Problem requirements
Reproduce the whole listing below without its pictures, exactly as written.

Material provided
──────

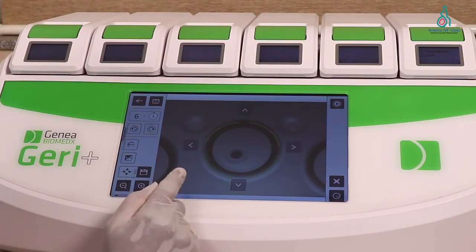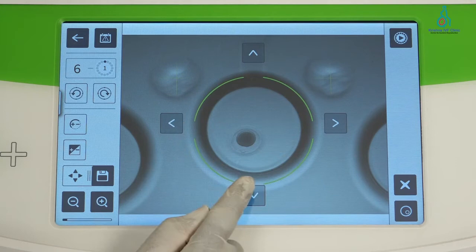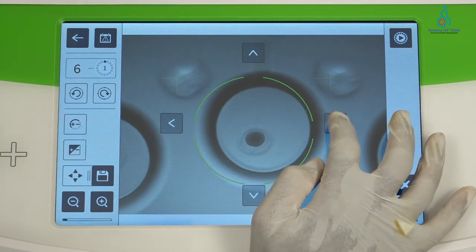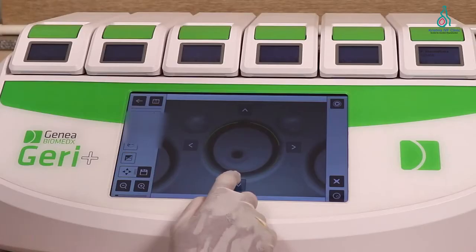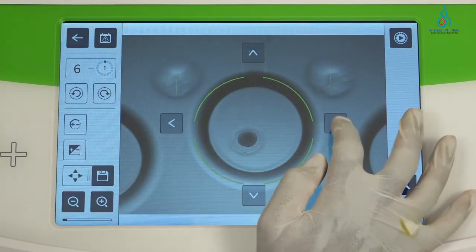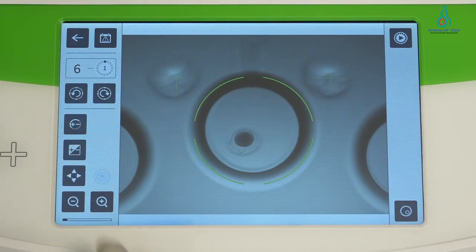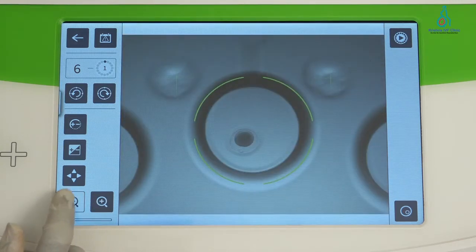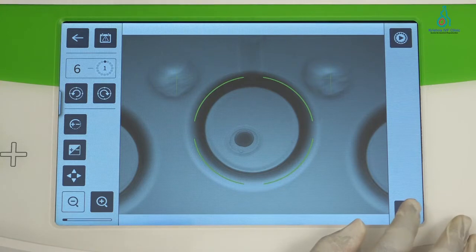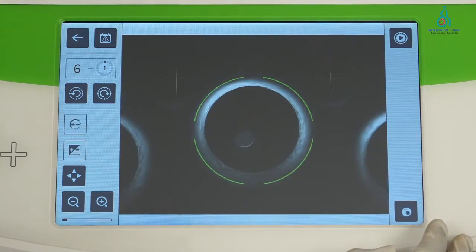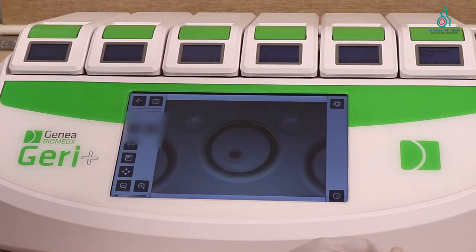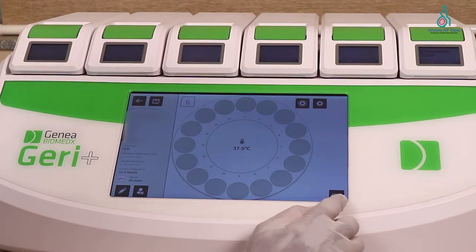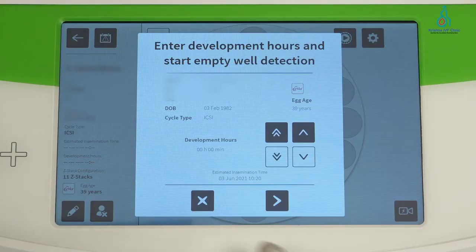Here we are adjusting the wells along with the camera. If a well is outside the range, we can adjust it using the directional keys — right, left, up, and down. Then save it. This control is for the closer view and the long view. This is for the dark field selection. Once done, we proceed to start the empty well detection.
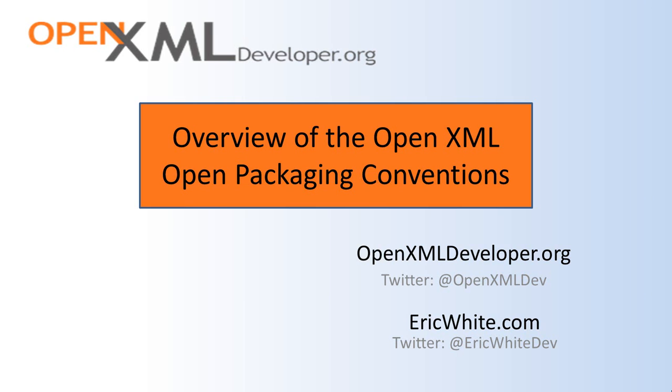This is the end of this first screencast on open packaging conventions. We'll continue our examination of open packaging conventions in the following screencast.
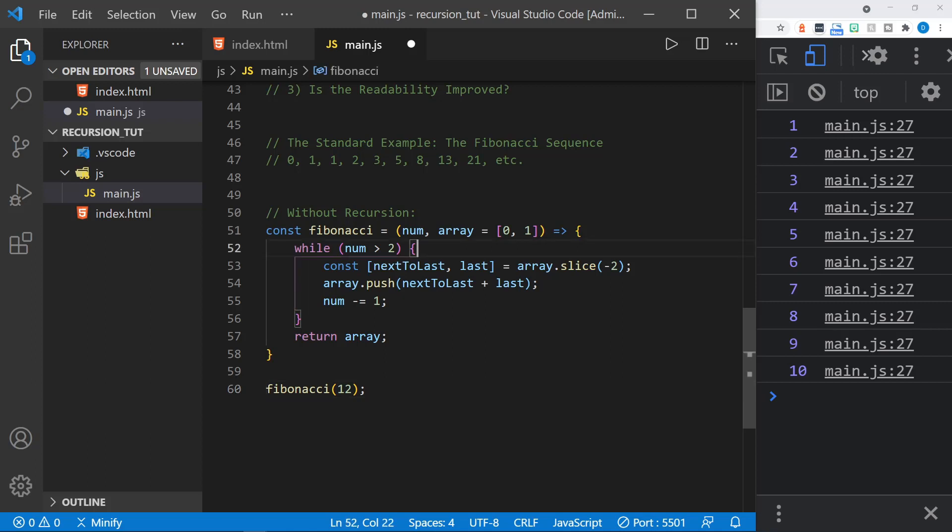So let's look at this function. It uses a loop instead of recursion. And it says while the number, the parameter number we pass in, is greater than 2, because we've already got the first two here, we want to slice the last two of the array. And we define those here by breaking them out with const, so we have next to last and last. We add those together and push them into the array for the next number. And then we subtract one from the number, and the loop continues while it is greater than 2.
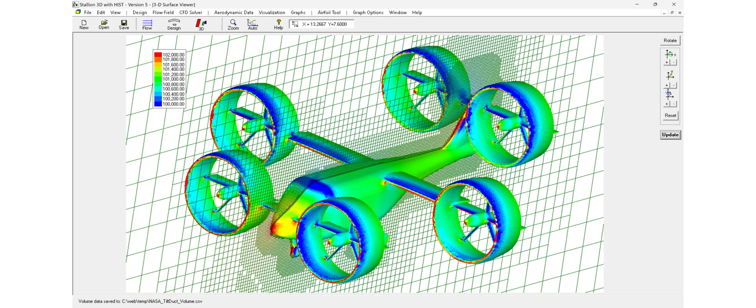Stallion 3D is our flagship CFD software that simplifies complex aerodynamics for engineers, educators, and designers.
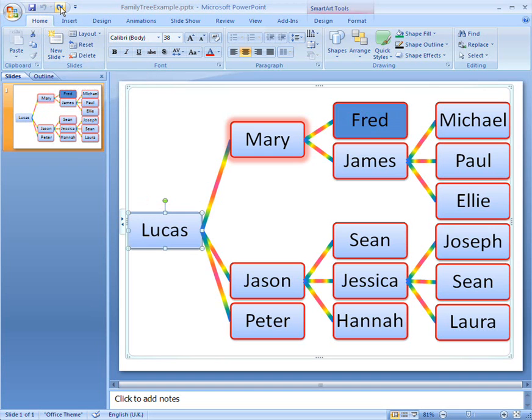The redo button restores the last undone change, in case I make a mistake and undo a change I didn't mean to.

──────

Your solution
Here we are adjusting the wells along with the camera. If a well is outside the range, we can adjust it using the directional keys — right, left, up, and down. Then save it. This control is for the closer view and the long view. This is for the dark field selection. Once done, we proceed to start the empty well detection.
This is the end of this first screencast on open packaging conventions. We'll continue our examination of open packaging conventions in the following screencast.
So let's look at this function. It uses a loop instead of recursion. And it says while the number, the parameter number we pass in, is greater than 2, because we've already got the first two here, we want to slice the last two of the array. And we define those here by breaking them out with const, so we have next to last and last. We add those together and push them into the array for the next number. And then we subtract one from the number, and the loop continues while it is greater than 2.
Stallion 3D is our flagship CFD software that simplifies complex aerodynamics for engineers, educators, and designers.
The redo button restores the last undone change, in case I make a mistake and undo a change I didn't mean to.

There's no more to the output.